Live Bait
- First edition
- Author: P. J. Tracy
- Language: English
- Genre: Thriller, Crime, Mystery novel
- Publisher: G.P. Putnam's Sons
- Publication date: 2004
- Publication place: United States
- Media type: Print (Paperback)
- Pages: 362 pp (UK Hardback)
- ISBN: 0-7181-4586-0 (UK Hardback)
- OCLC: 56442492
- Preceded by: Monkeewrench
- Followed by: Dead Run

= Live Bait (novel) =

2004 novel by P. J. Tracy

Live Bait is the second book by author P. J. Tracy. It follows on from her first book, Monkeewrench and has the same principal characters. This book starts with the death of an elderly man, which at closer inspection looks like an execution.

== Reception ==
Kirkus Reviews wrote of it: "Tracy returns in surprising detail to the idiosyncratic formula of her striking debut—Minneapolis cops and computer nerds battling the serial killer of a mysterious group of strangers—with more gravitas and more heartfelt revelations substituting for the wit, antic byplay, and originality of the prototype."

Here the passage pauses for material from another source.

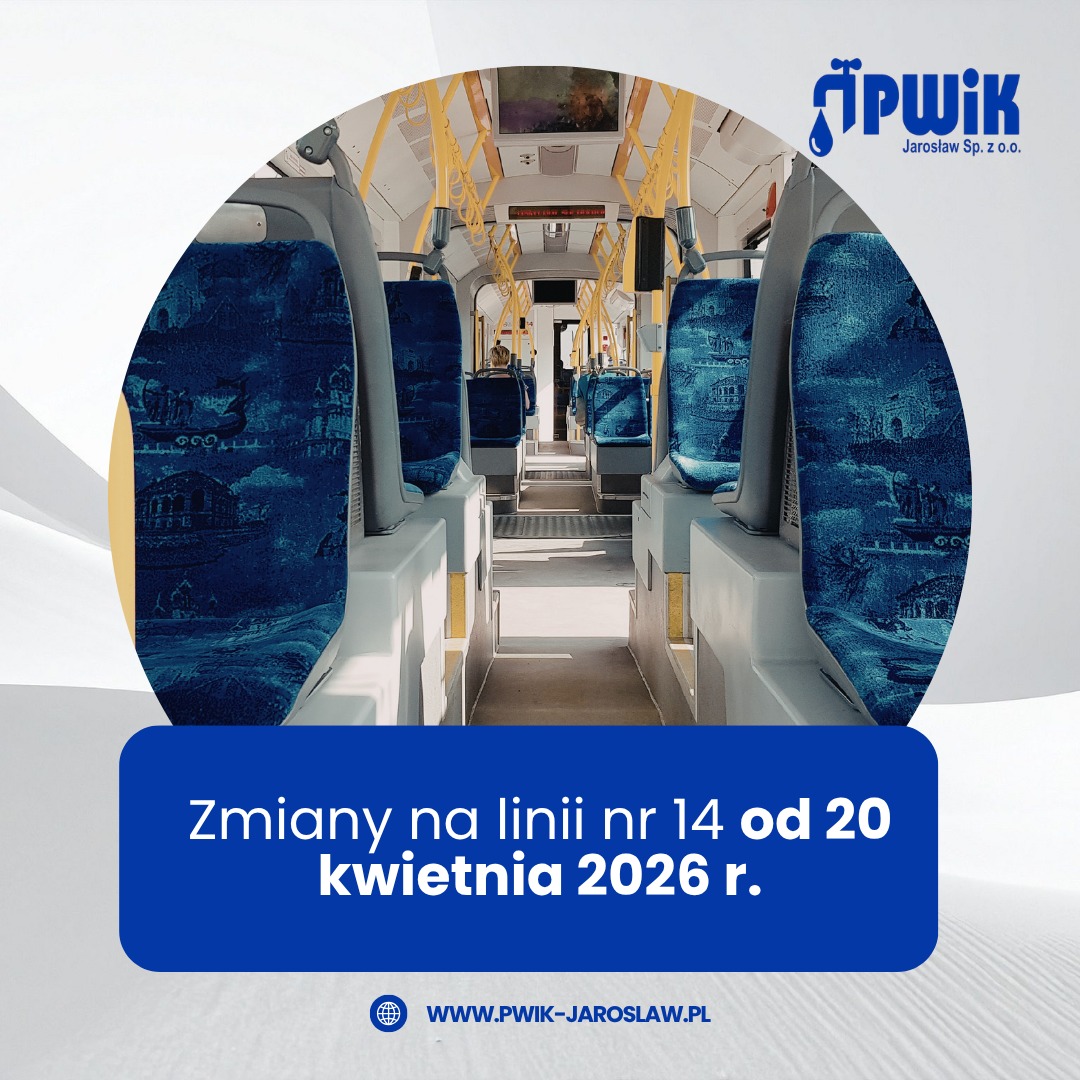Zmiany w&nbsp;kursach autobusów linii nr 14 - grafika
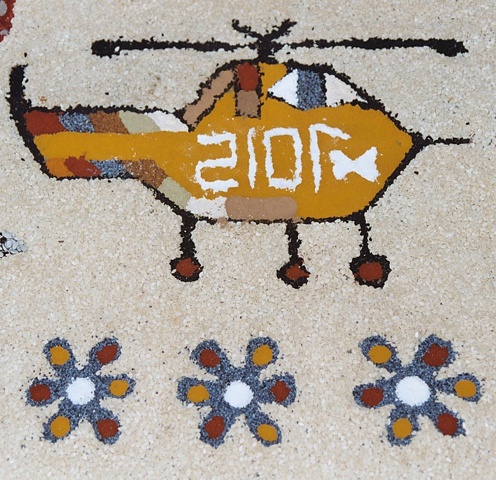 Detail - Flowers and Helicopter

Publishers Weekly wrote: "With generous doses of humor and suspense, this sharp, satisfying thriller will rivet readers from the start."

Entertainment Weekly reviewed it with: "It doesn’t sound sexy, but 'Bait' is quick-witted and -paced, with a snappy plot that incorporates romance, gore, and a surprise ending. For those who mourn that Patricia Cornwell ain’t what she used to be, Tracy’s a wondrous discovery."